- _Problem statement_:
The lines below starting at the line containing "Now you're going" and ending at the line containing "A question about" are to be repeated exactly, with both ends kept and nothing else added.

- _Provided material_:
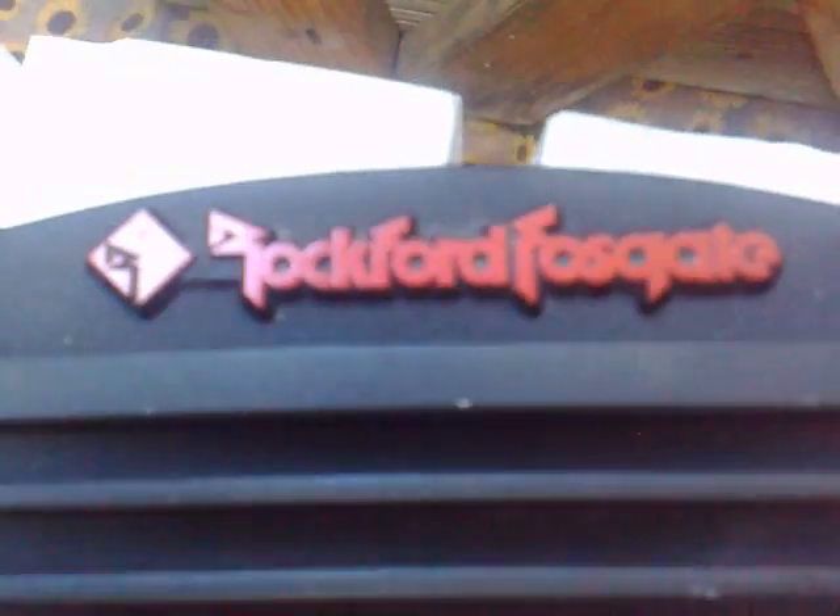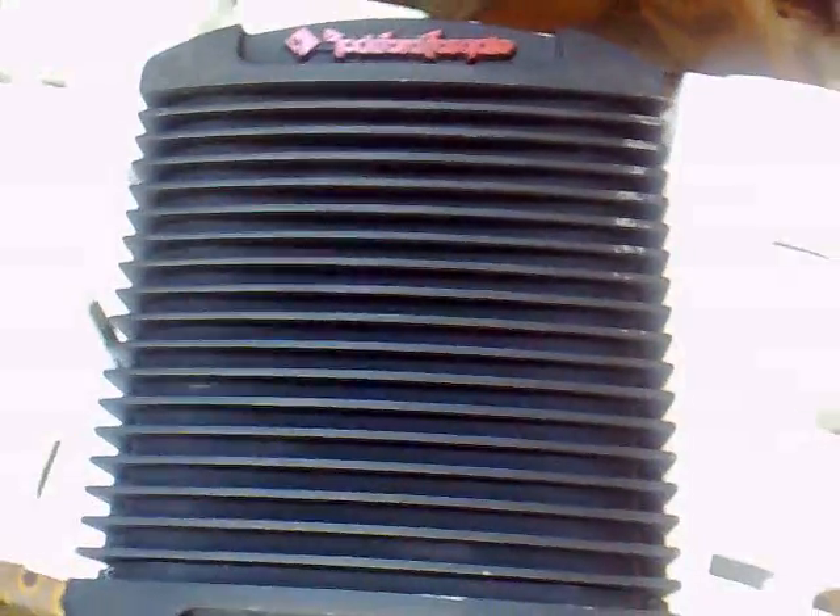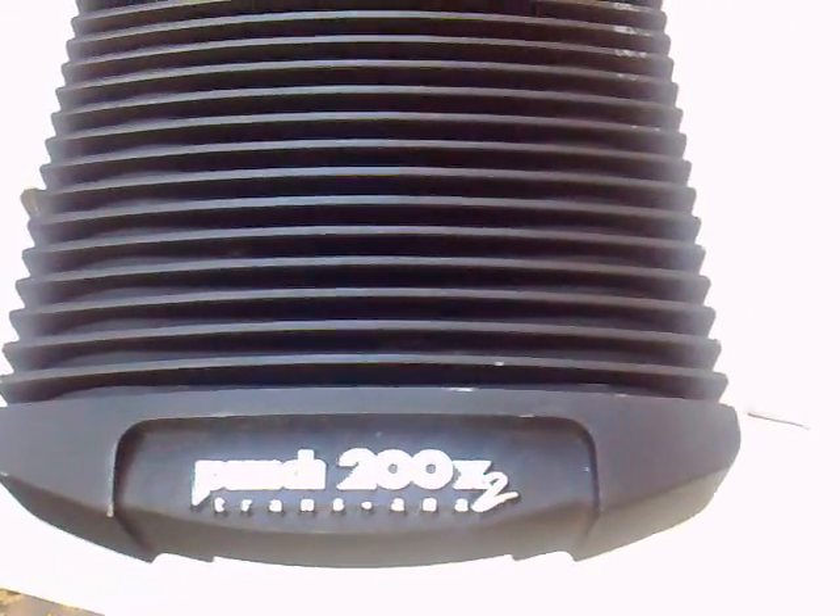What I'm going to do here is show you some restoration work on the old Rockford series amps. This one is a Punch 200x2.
==
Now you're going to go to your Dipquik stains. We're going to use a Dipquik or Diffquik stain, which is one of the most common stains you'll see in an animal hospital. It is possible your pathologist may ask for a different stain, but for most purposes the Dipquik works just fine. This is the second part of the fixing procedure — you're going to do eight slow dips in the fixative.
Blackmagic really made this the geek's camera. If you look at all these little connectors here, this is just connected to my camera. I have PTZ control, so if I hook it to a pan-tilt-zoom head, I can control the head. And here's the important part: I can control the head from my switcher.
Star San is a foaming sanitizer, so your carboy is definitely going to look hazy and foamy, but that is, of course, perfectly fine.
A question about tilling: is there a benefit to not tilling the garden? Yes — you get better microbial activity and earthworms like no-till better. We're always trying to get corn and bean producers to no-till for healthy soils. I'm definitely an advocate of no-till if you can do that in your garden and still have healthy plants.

- _Exercise solution_:
Now you're going to go to your Dipquik stains. We're going to use a Dipquik or Diffquik stain, which is one of the most common stains you'll see in an animal hospital. It is possible your pathologist may ask for a different stain, but for most purposes the Dipquik works just fine. This is the second part of the fixing procedure — you're going to do eight slow dips in the fixative.
Blackmagic really made this the geek's camera. If you look at all these little connectors here, this is just connected to my camera. I have PTZ control, so if I hook it to a pan-tilt-zoom head, I can control the head. And here's the important part: I can control the head from my switcher.
Star San is a foaming sanitizer, so your carboy is definitely going to look hazy and foamy, but that is, of course, perfectly fine.
A question about tilling: is there a benefit to not tilling the garden? Yes — you get better microbial activity and earthworms like no-till better. We're always trying to get corn and bean producers to no-till for healthy soils. I'm definitely an advocate of no-till if you can do that in your garden and still have healthy plants.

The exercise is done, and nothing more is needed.